The opinion of the court was delivered by: Judge Terrence F. McVerry/
Magistrate Judge Amy Reynolds Hay
The above-captioned habeas petition was received by the Clerk of Court on November 17, 2006, and was referred to United States Magistrate Judge Amy Reynolds Hay for pretrial proceedings in accordance with the Magistrate Judges Act, 28 U.S.C. § 636(b)(1), and Rules 72.1.3 and 72.1.4 of the Local Rules for Magistrate Judges.
The Magistrate Judge's Report and Recommendation, Dkt. , filed on September 28, 2007, recommended that the Petition for Writ of Habeas Corpus be dismissed as a mixed petition, and that a certificate of appealability be denied. Service was made on the Petitioner at SCI Rockview, Box A , Bellefonte, PA 16823-0820, and on counsel of record for the Respondents. The parties were informed that in accordance with the Magistrate Judges Act, 28 U.S.C.§ 636(b)(1)(B) and (C), and Rule 72.1.4(B) of the Local Rules for Magistrate Judges, that they had ten (10) days to file any objections. After being granted an extension of time in which to file his objections, Petitioner filed objections. Dkt. .
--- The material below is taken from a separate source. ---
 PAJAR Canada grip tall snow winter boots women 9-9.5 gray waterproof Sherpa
Petitioner raised two issues in his habeas petition: (1) the Board retroactively applied a statute to him to deny his parole in violation of the ex post facto clause and (2) the Board's denial of parole was unconstitutionally vague in violation of substantive due process.*fn1 The Respondents had argued that Petitioner failed to exhaust both claims. Petitioner conceded that he failed to exhaust either claim but argued that it would have been futile to exhaust the ex post facto claim because the Pennsylvania State Courts consistently reject such claims. The Report noted that this futility argument only addressed the ex post facto claim but did not address the vagueness claim and so Petitioner's own arguments established that this was a mixed petition because at the least, there is one claim that is concededly unexhausted, i.e., the vagueness claim, and there is no excuse for such failure. Accordingly, the Report recommended dismissal of the petition as a mixed petition.
In his objections, Petitioner withdraws the vagueness claim. Dkt.  at 2 ("PETITIONER WILLINGLY WITHDRAWS HIS DUE PROCESS CLAIM SO THAT HIS PETITION WILL NOT BE A MIXED PETITION. . . .").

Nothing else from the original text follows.